__ACTION ITEM__. Copying rule for the data below: pictures stay out, and only the lines from the one with "Murretun oranssiin trenssiin" down to the one with "Hands holding leftover", inclusive, are repeated exactly.

__GIVEN DATA__.
==============================

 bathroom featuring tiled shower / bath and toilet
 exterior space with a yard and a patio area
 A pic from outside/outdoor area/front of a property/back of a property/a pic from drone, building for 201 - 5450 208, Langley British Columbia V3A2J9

==============================

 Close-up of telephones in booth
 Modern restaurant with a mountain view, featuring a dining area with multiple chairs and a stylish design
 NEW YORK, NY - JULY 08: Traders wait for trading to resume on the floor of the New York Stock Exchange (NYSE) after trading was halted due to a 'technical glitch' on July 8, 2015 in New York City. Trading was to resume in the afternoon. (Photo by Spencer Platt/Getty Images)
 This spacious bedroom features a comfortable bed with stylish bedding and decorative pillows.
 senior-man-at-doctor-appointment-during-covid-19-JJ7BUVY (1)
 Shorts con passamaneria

==============================

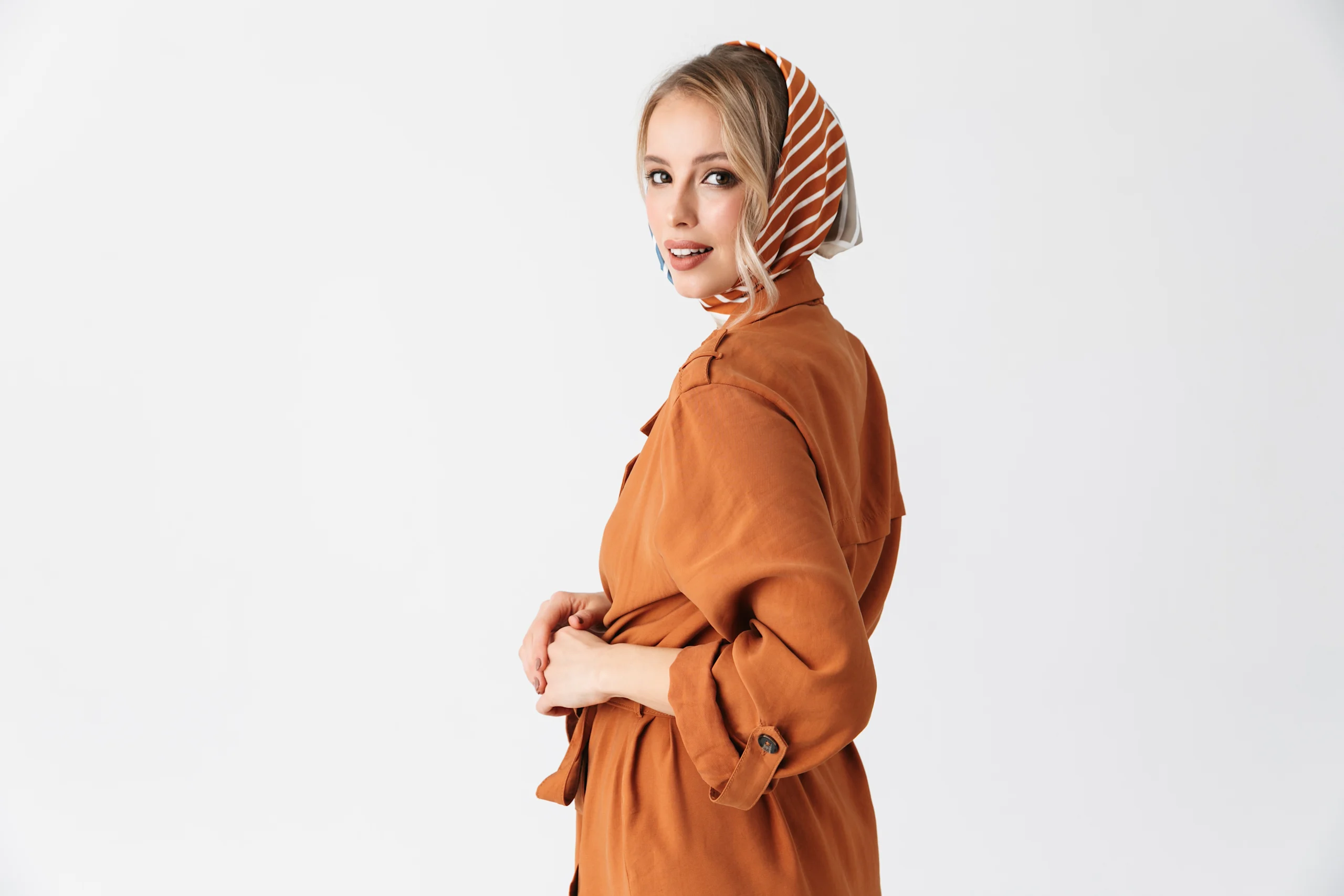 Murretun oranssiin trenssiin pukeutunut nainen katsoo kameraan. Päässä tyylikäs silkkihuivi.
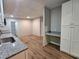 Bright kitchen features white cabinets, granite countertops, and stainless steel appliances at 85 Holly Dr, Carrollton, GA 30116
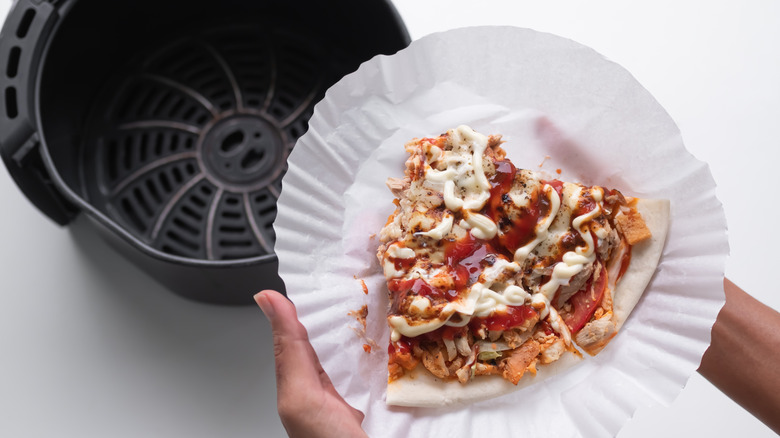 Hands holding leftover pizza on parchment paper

==============================

__ANSWER BELOW__.
 Murretun oranssiin trenssiin pukeutunut nainen katsoo kameraan. Päässä tyylikäs silkkihuivi.
 Bright kitchen features white cabinets, granite countertops, and stainless steel appliances at 85 Holly Dr, Carrollton, GA 30116
 Hands holding leftover pizza on parchment paper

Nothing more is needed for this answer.